CHICAGO, IL (REUTERS).- Portuguese architect Eduardo Souto de Moura is the winner of this year's $100,000
Pritzker Prize for his designs that convey both "power and modesty, bravado and subtlety," the foundation that awards the prize said on Monday.
The honor, often dubbed the
Nobel prize for architecture, was supposed to be announced next month and presented in Washington, D.C., but was prematurely reported by a news outlet, according to a spokesman.
The annual prize, which goes to a living architect, is endowed by the wealthy Chicago-based Pritzker family, majority owners of
Hyatt Hotels Corp and other businesses.
It was first bestowed on American architect Philip Johnson in 1979, and has since been awarded to architects from around the world including Souto de Moura's former teacher Alvaro Siza in 1992.

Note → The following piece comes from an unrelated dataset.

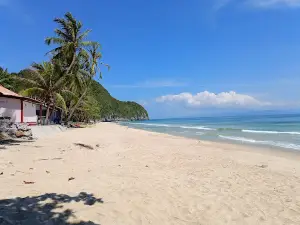 Khwaeng Phao Beach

"The fact that this is the second time a Portuguese architect has been chosen makes it even more important," Souto de Moura, 58, said in a statement issued by the foundation.

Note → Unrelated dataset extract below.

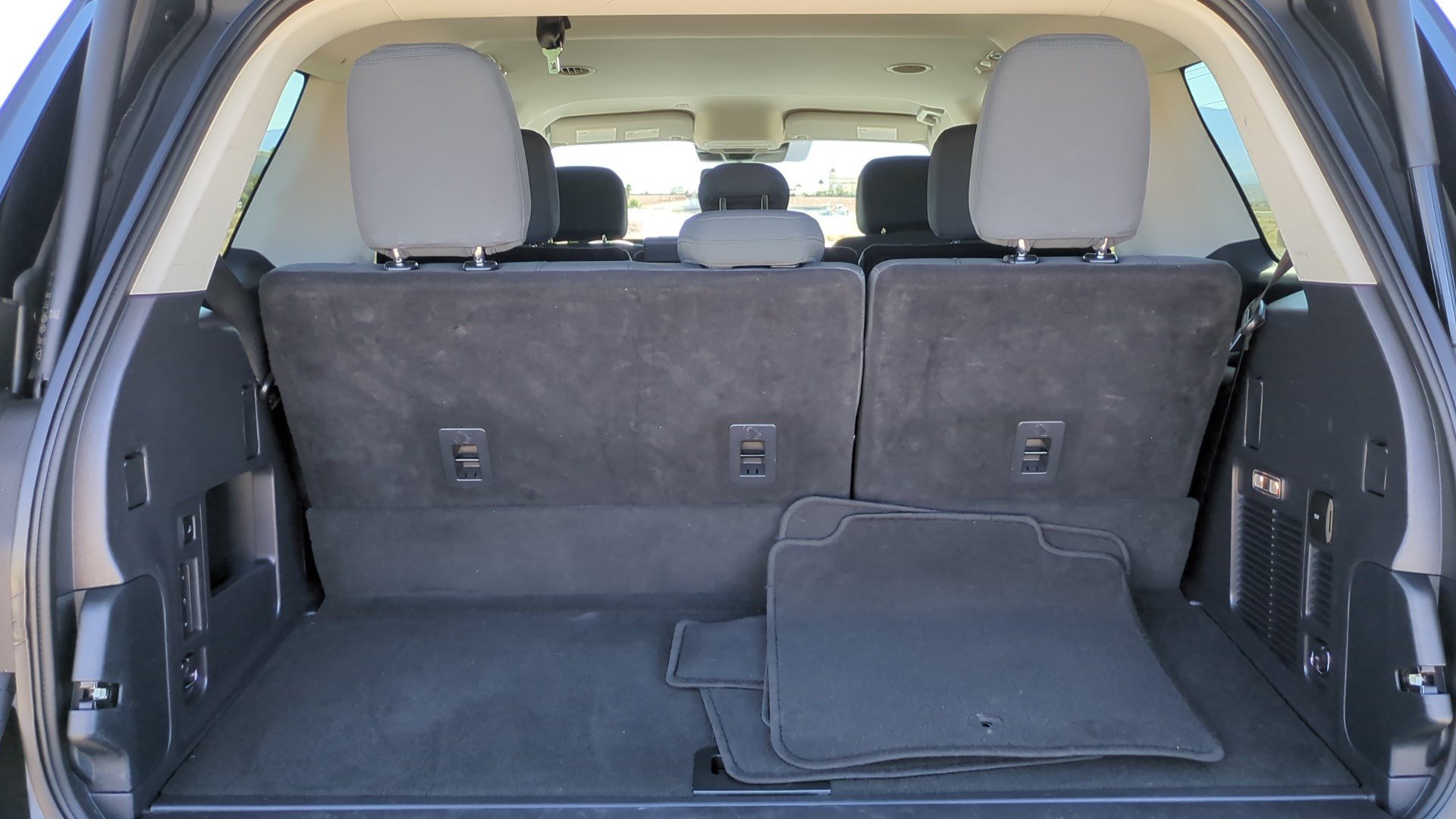 Used 2025 Ford Expedition Active AWD/4WD image 30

Among the Souto de Moura's Portuguese projects are a soaring stadium in Braga, the Burgo Tower in Porto, a convent restored as an inn in Amares, a subway in Porto, the Paula Rego Museum in Cascais, as well as shopping centers, schools, art galleries, homes and a cinema.

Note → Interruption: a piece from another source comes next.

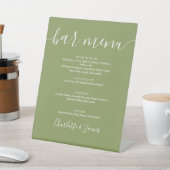 Signe De Table Moss Green Elegant Script moderne Mariage Bar Menu (In SItu)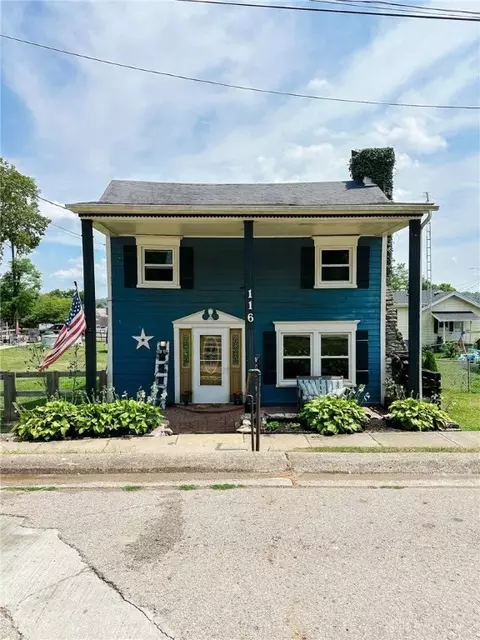 116 N 3rd St, Waynesville, OH 45068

Most of the Porto-based architect's designs are in Portugal, but some have been built in Spain, Italy, Germany, the United Kingdom, and Switzerland.
"During the past three decades, Eduardo Souto de Moura has produced a body of work that is of our time but also carries echoes of architectural traditions," Lord Peter Palumbo, the prize jury chairman, said in the statement.
"His buildings have a unique ability to convey seemingly conflicting characteristics -- power and modesty, bravado and subtlety, bold public authority and a sense of intimacy -- at the same time," he said.
Among influences cited for his work are the sleek, spare designs of Mies van der Rohe, with his angular constructions employing granite, wood, marble, brick, steel, concrete -- sometimes in unexpected colors.
The granite face of a mountainside -- created with precise explosions with the detritus crushed for concrete -- forms one end of the stadium in Braga, which the Pritzker jury commended as "muscular, monumental and very much at home within its powerful landscape."